Items from a dataset
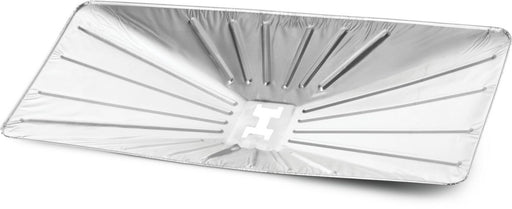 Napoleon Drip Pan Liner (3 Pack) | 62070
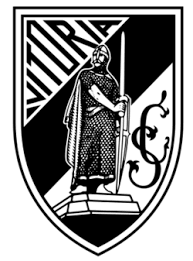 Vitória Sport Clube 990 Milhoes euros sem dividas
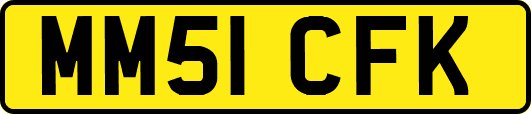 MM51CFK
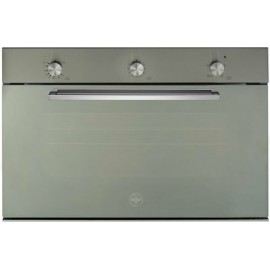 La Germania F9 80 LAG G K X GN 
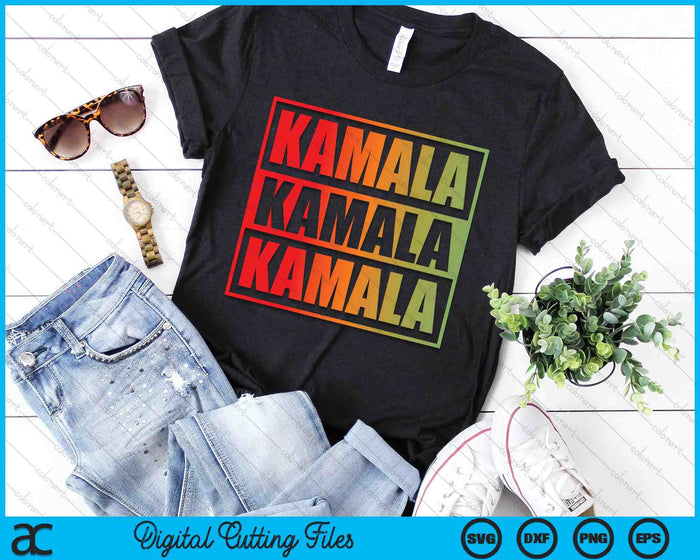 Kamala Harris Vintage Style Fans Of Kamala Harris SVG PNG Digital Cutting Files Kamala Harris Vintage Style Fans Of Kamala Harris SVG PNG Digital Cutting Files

§ **Assigned task**
Please output all the data exactly as given, with the pictures omitted.

§ **Task result**
 Napoleon Drip Pan Liner (3 Pack) | 62070
 Vitória Sport Clube 990 Milhoes euros sem dividas
 MM51CFK
 La Germania F9 80 LAG G K X GN 
 Kamala Harris Vintage Style Fans Of Kamala Harris SVG PNG Digital Cutting Files Kamala Harris Vintage Style Fans Of Kamala Harris SVG PNG Digital Cutting Files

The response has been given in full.